All 107 passengers and six crew on the Boeing 737 were unharmed in the hijack which ended with the man’s arrest in Brindisi airport in southern Italy. The 27-year-old Turk, Hakan Ekinci, has requested political asylum from Italy.

“The peculiar thing about this hijack was that it was done by a lone, unarmed man,” Amato told Italy’s Senate on Wednesday.

During the incident, the pilot reported that there were two hijackers and the Turkish Defense Ministry said there may be four or five of them. But checks on everyone on board after the plane had landed and Ekinci had given himself up showed he was alone.

Turkish TV initially quoted police sources as saying the plane had been seized in protest at a planned visit to Turkey next month by Pope Benedict, who offended many Muslims with a speech last month linking the spread of the Islamic faith to violence.

A Vatican official said the hijacking was not expected to affect the Pope’s plans.

But it emerged the hijacker was a Christian convert who wanted to avoid military service in Turkey and wrote to the Pope several months ago for help to avoid serving in “a Muslim army.”

Amato said Ekinci traveled to Albania in May and requested asylum there on the grounds that he was viewed as a deserter from the Turkish army and would be punished if he went home.

But Albania refused his request and he was expelled from the country on the Turkish Airlines flight from Tirana to Istanbul.

HIJACK ALERT

Ekinci entered the cockpit when a flight assistant left the door open soon after take-off, Amato said.

Amato said he received two versions of what Ekinci said to the pilot. He either told the pilot he would blow himself up or that he had accomplices on board who would do so if his orders were not followed.

When the pilot transmitted a code which alerts air traffic controllers to emergency situations, Ekinci told him to insert the more specific code which refers to a hijack.

“The pilot said he knew procedures and meaning of codes and said he learned it all on the Internet,” Amato told the Senate. “I don’t know how many of you would have known how to do that, I certainly wouldn’t have.”

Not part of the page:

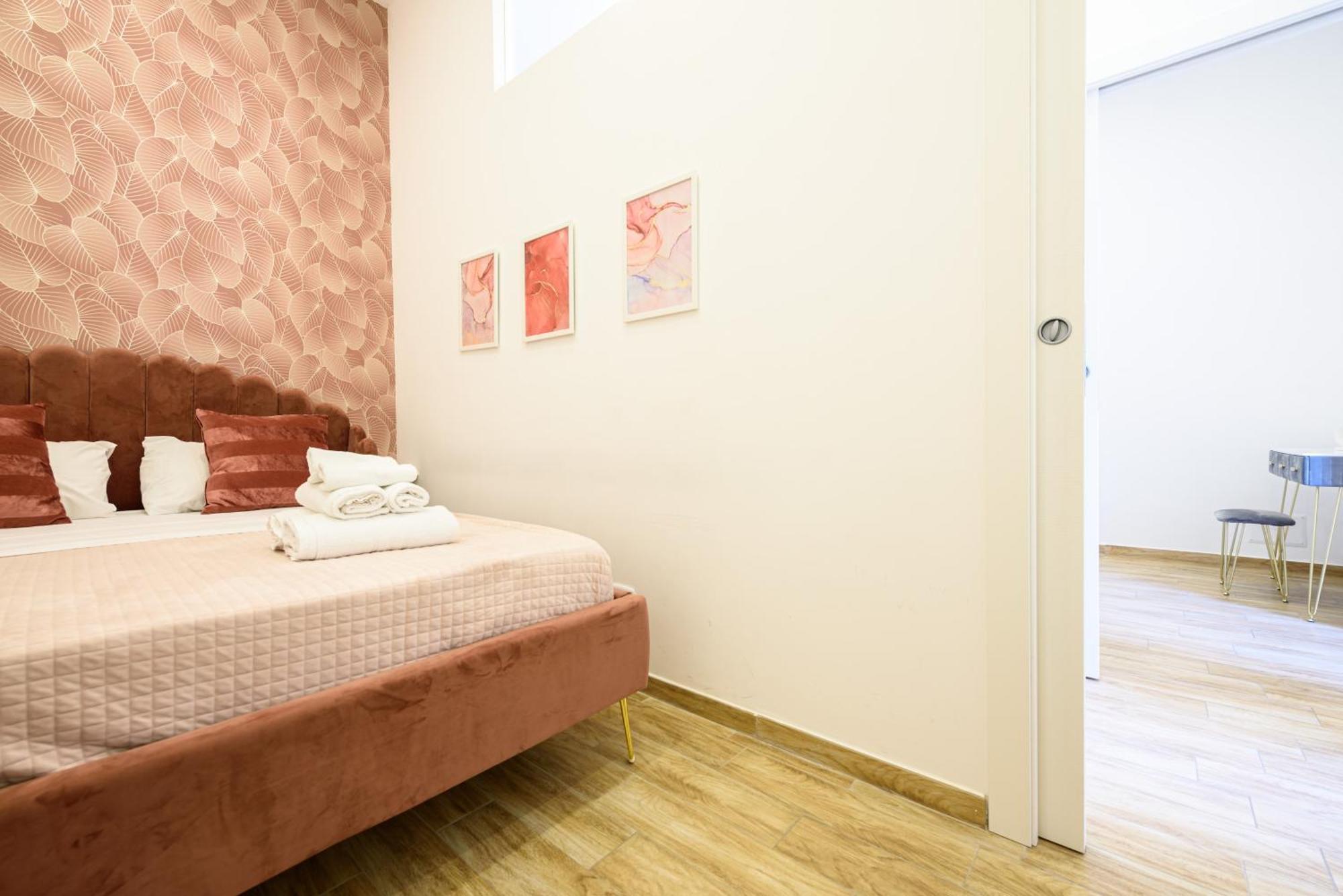 Luxury Apartment In Central City Naples Extérieur photo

At the Vatican, where Pope Benedict gave his weekly audience on Wednesday, Cardinal Pio Laghi said the kidnap “worried us not just because of the risk of blood being spilled, but also because other people might copy this violent act.”

“But I don’t think this episode will have any influence on the Holy Father’s trip,” he told reporters.

Amato said that while the hijack exposed the “fragility” of security on the flight in question, it did not heighten security concerns for the Pope’s trip. “It’s difficult to see in this incident anything that worsens the security problems.”